The best thing to move forward is to take one step.

That’s all you have to focus on right now.

However, you want to make sure you are stepping in the right direction.

Otherwise, you’ll end up being like Alice in Wonderland when she ran into the Cheshire Cat.

Alice asked the Cheshire Cat, who was sitting in a tree, “What road do I take?”

The Cat asked, “Where do you want to go?”

“I don’t know,” Alice answered.

“Then,” said the Cat, “it really doesn’t matter, does it?”

To avoid the aimless wandering, ask yourself one question.

What is one thing I would like to accomplish this week?

Spend a few moments listening to your thoughts.

For bonus points, pull out a pen and paper and start writing those thoughts down.

Now look at the words on the paper and pick one thing to accomplish this week.

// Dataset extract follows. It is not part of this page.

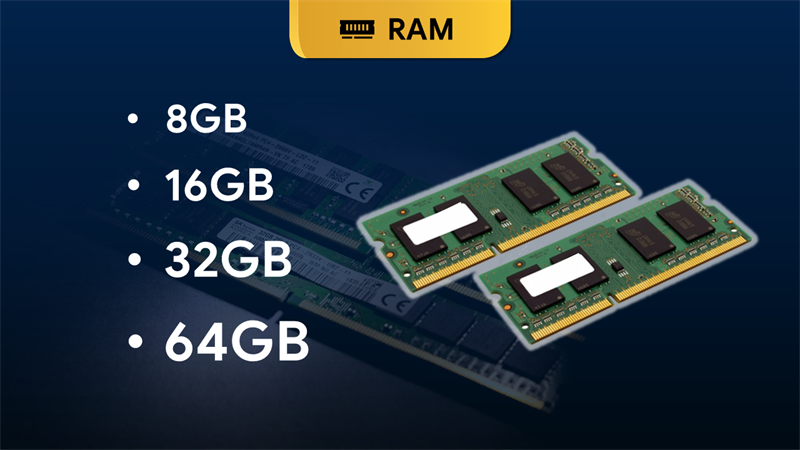 RAM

This is your week’s objective.

You must attack this objective with vigor until you complete it.

At this point, it doesn’t have to be something grandiose.

It only must be one thing to move you forward.

Getting into action is the first step.

I want you to be moving forward.

Now, block out some time in your calendar to work on this every single day.

Work until you finish your objective for this week.

Make it the same time every day so you can establish a routine.

A routine is what makes you a master.

Think about the great swimmer Michael Phelps.

Did you leave his training to chance?

Absolutely not.

He had a set time every day for training.

Do you think he wanted to get into the swimming pool every day?

No, of course not.

He got in the swimming pool every day and followed his training routine every day because he wanted to become the best swimmer he could be.

And that is why he is a master.

Follow what masters do, and you will become a master.

Establish a weekly routine, and you are well on your way to elevating yourself above the masses and becoming the best you can become.